Si chacun a son histoire, les pauvres aussi en ont une. Mais ont-ils seulement le droit d’être heureux?
Alors qu’ils arrivent à peine à manger à leur faim après avoir payé le logement, le téléphone et l’électricité.
Pas plus que, faute de moyens, ils n’ont accès à des produits en grandes quantités, alors que les petits formats sont souvent proportionnellement plus chers.
Parce qu’au Québec, se vêtir de vêtements appropriés au climat est un luxe dont tous ne peuvent se prévaloir.
Parce qu’ils n’ont pas accès aux meilleurs rabais dans les magasins, ceux-ci étant offerts lorsqu’ils n’ont plus d’argent.
Parce qu’ils doivent parfois se procurer des biens essentiels en payant des taxes, alors que de richissimes industries en sont exemptées; eux qui auraient bien droit à des déductions d’impôt, encore faudrait-il qu’ils aient quelque chose à déduire…

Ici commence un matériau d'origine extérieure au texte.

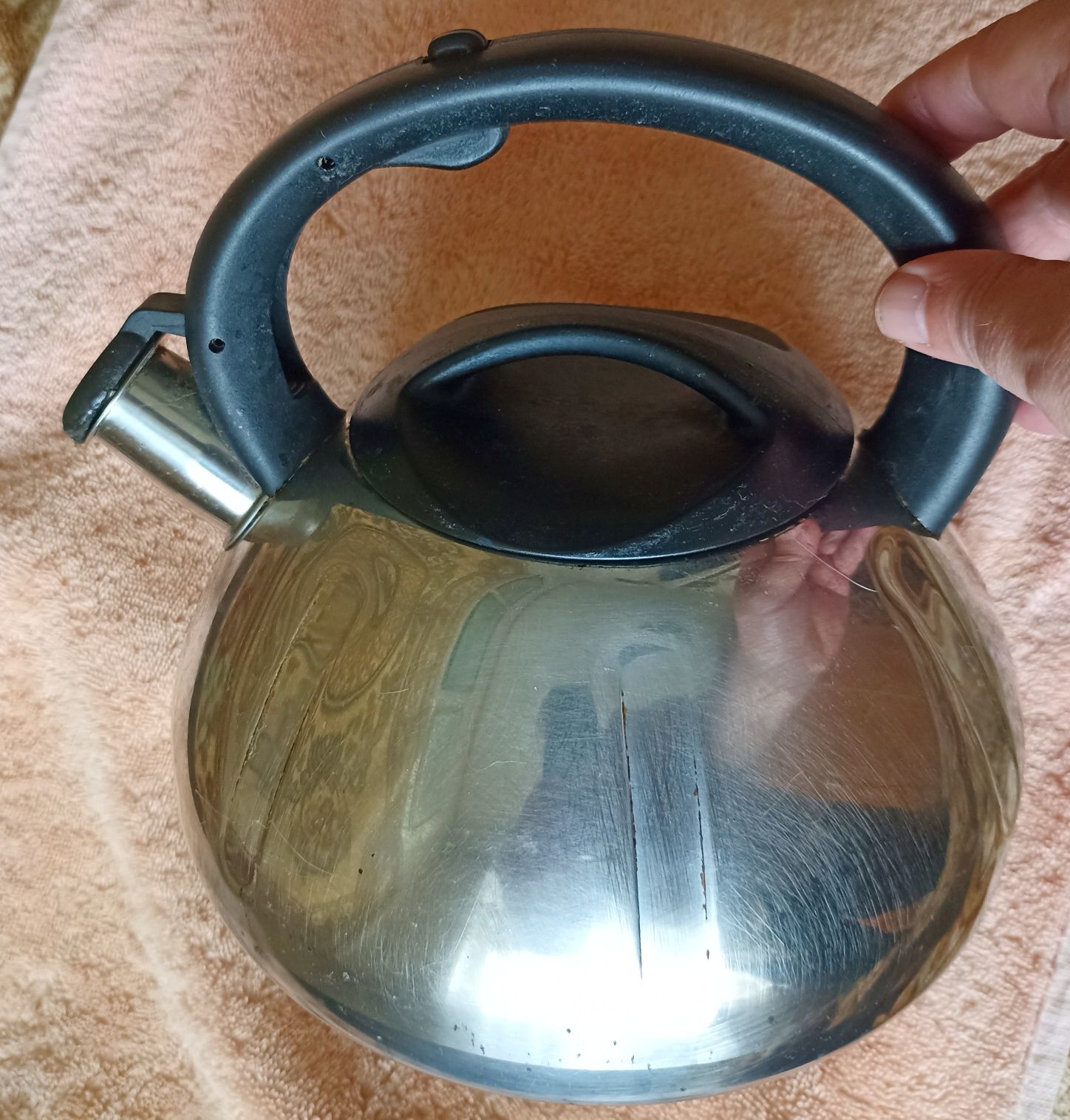 Продам чайник, нержавейка, для дачи, для дома, посуда.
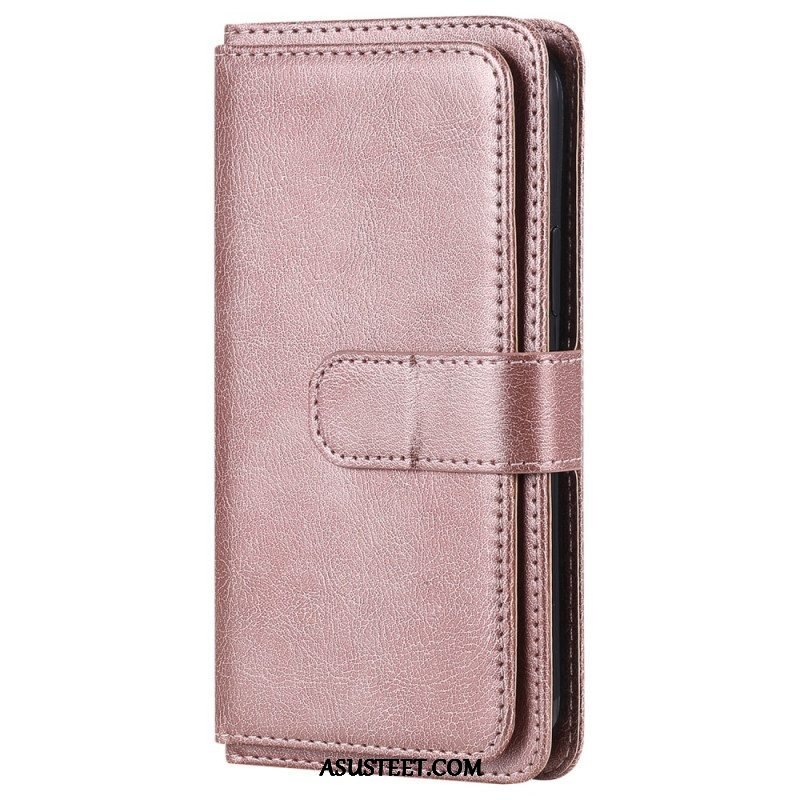 Flip Case Oppo A94 5G Keinonahkainen Korttikotelo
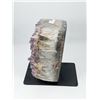 Image 2 : AMETHYST WITH EPIDOTE  -  Specimen on stand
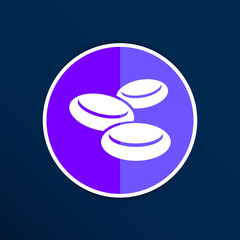 isolated macro of group erythrocytes corpuscles icon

Parce qu’ils paient des frais bancaires déraisonnables qui risquent de laisser leur compte à découvert.
Que, dans certaines institutions, se procurer des chèques devient fastidieux tant les chèques sont coûteux et parfois non disponibles en petite quantité.
Si des forfaits sont fort avantageux, des frais de 50, 35, 5 et même 1 $ peuvent avoir une incidence vitale.
Quand on leur refuse de partager un logement sans qu’ils éveillent toutes les suspicions.
Quand ils ne peuvent se permettre d’être amoureux sans mettre leur survie en péril.
Quand ils ne peuvent conserver leur maison lors d’une demande d’aide de secours, alors que déménager serait plus coûteux.
Parce qu’on les accuse tacitement d’être lâches, malhonnêtes et sans ambition, que sur eux, repose, d’un mois à l’autre, le fardeau de la preuve. Ils sont trop souvent tenus comme criminellement responsables de leur condition.
Quand c’est eux qu’on tient responsables de la dette chaque fois qu’un budget national est présenté et qu’on ajoute ainsi l’insulte à l’injure.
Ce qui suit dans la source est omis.